2009年7月3日金曜日

永田七恵さんを悼む 女子マラソン先駆者

(朝日 2009年6月29日)

27日、53歳の若さで死去した永田七恵さんは、
女性がフルマラソンを走ること自体が常識外れ、と
思われた時代からマラソンに取り組んだ。

女子マラソンが初採用された84年ロス五輪代表に。
次に続く選手が歩む道を切り開いた。

素質に恵まれていなかったが、
それを補うだけの努力をする情熱をもっていた。

郷里の岩手県で教員を務めるかたわら、競技を続け、
東京国際女子マラソンに79年の第1回から出場。
名伯楽といわれた故中村清・エスビー監督に弟子入り、
エスビー入り前にも、毎週日曜日に指導を受けるため東京に通った。
まだ東北新幹線の開業前。夜行列車で往復。

中村監督の「天才の力は有限。努力は無限なり」
という言葉が好きだった。
本人も生前、マラソンに取り組む理由をこう語っていた。
「走ることだけは、わたしを裏切らなかった。
努力すれば、努力しただけ返ってくるんです」

中村監督との二人三脚で、第5回東京国際女子マラソンで
日本選手として初優勝、ロス五輪で19位という結果を残した。
重圧のかかる舞台でも動じなかった。
「だって、中村監督がついていますもの。それは強いですよ。
この人がいれば絶対大丈夫。いつもそう思っていました」
2人の信頼関係は絶大だった。

昨年11月、東京国際女子マラソンが幕を閉じる際、
シンポジウムに出席。
4大会連続でとっていた五輪女子マラソンのメダルが
北京で途切れたことを残念がった。
「スピード時代になっているけど、日本人は頑張る気質があるから、
結果が出せると信じている。
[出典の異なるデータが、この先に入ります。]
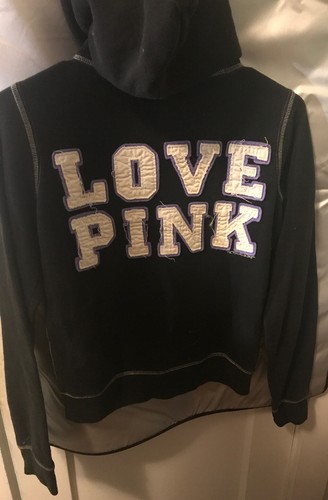 UNDERCOVER Felpa con cappuccio vintage Victoria's Secret nera amore rosa cerniera intera S P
絶対復活して欲しい」

これが、日本の女子マラソン界に向けた最後の言葉に。

◆「よく耐えた」、「努力の天才」

エスビー食品でチームメートだった瀬古利彦さん(52)は、
「彼女がいなければ、今の女子マラソンの繁栄はない」
ともに、故中村清氏の指導を仰いだ。
「七恵ちゃんは、学校の先生を辞めて、20代半ばから
取り組んだから大変だった。
練習でも私生活でも、とにかく中村監督を信じてやっていた。
よく耐えたと思う」

中村監督が厳しく言っていたのは、体重の管理。
やや太めだった永田さんに対し、
毎日、「体重、体重」と言っていたことを思い出す。
「東北人だからのんびりしていた。
あれだけ怒られても、感じてないのかなって思うくらいに平気だった。
大物だったなあ」と故人をしのんだ。

ロス五輪女子マラソンにともに出場、途中棄権だった
増田明美さん(45)は、「七恵さんがいたから私も頑張れた。戦友だった」
永田さんを「努力の天才」と評する。
「市民ランナーから上がってきたけど、
中村さんのもとで洗練されていった。五輪で抜かれた時は悔しかった」

現役当時はお互いを意識して、ほとんど口を利くことはなかった。
それが、昨秋のシンポジウムで「十何年ぶり」かに再会、
現役時代の話に花が咲いた。
「これから、いっぱい思い出話をして、
たくさんの時間を共有できると思っていた。悲しいです」と言葉に詰まった。